Après « 35 ans de jardin », les propriétaires jardiniers-pépiniéristes ont l’impression d’être ici comme « un peintre dans son tableau !  La retouche est permanente et l’on travaille cet éphémère car il y a du vivant, de la croissance. En fait, ce jardin est toujours en état de création… »
L’histoire commence en 1996 avec l'achat d'un corps de ferme d'une superficie d'environ 3 ha. Le couple est animé d’une passion commune pour les plantes ; d’abord la botanique puis intérêt du jardin en tant que concept, structure et architecture, donnant lieu à de nombreuses visites de sites emblématiques, tant en France qu’à l’étranger. A partir de là, leurs désirs prennent forme par le choix d’un dessin classique français.  Sur ce terrain plat balayé par les vents, à l’origine simple prairie, le respect des lieux tient à la structure simple et élégante doublée d’une abondance végétale toute naturelle.

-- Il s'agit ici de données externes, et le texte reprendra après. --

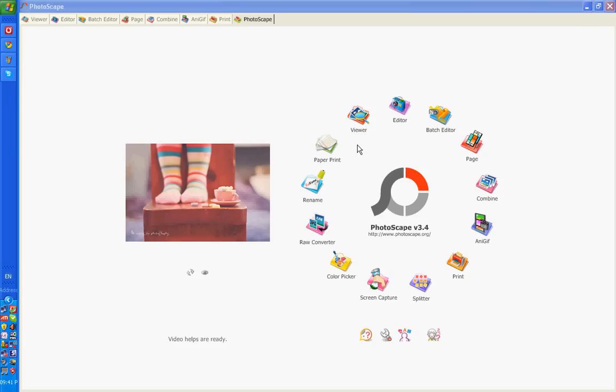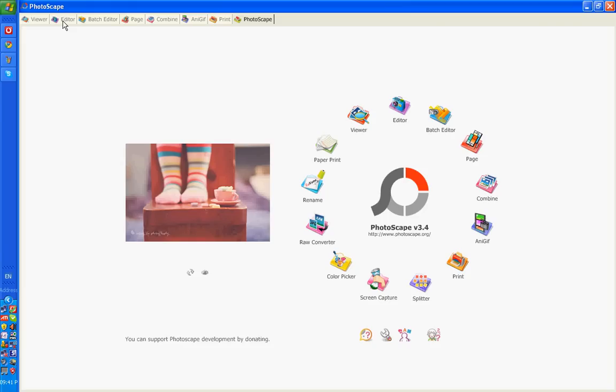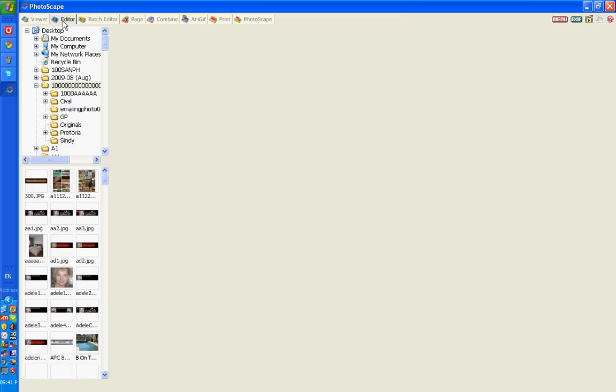Good day, this is a short tutorial on Photoscape. I'm going to show you how to resize an image in Photoscape. To start off with, you go to Editor, and you then select the image that you want to resize.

Les haies denses, principalement en ifs et charmes, forment une ossature forte du jardin et protègent des vents dominants. Elles sont souvent accompagnées de buis taillés et alliées essentiellement aux plantes vivaces herbacées. Pas d’arbres ni d’arbustes ni de rosiers dans les plates-bandes proches de la maison ; la « broderie » des parterres n’est constituée que par le dessin des buis taillés et la richesse des vivaces et des graminées. En contraste avec cette structure marquante et exubérante, un grand et serein miroir d’eau a remplacé un des carrés de l’ancien verger. C’est une caractéristique du jardin Plume, un lien puissant avec la nature environnante, une grande perspective ouverte où l’œil ne semble jamais s’arrêter. Tout se travaille sur les pourtours, agrémentés de grands carrés de graminées, car la partie centrale ne doit apporter aucune nuisance visuelle.

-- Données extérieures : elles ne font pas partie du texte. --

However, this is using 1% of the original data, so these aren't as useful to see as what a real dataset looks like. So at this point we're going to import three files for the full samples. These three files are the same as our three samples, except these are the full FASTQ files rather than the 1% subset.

La liberté des plantes est très surveillée car ici tout a été conçu en fonction de la gestion quotidienne et future. Le rappel de la nature, caractérisée par toutes les plantations un peu folles (mais d’entretien très programmé !), est cadré par les haies et bordures taillées de façon classique, exceptée la grande haie d’ifs modelée en forme de vagues, un clin d’œil raffiné à la proximité de la côte d’Albâtre.
Les grandes haies brise-vent délimitent près de la maison des chambres de verdure, dont chacune a un thème de saison : à l’est le jardin de printemps, devant la maison le jardin d’été et à l’ouest le jardin d’automne. Nous restons un long moment dans ce dernier, submergés par les grandes graminées, les Cimicifuga atropurpurea et autres généreuses vivaces dans lesquelles jouent une nuée de papillons multicolores.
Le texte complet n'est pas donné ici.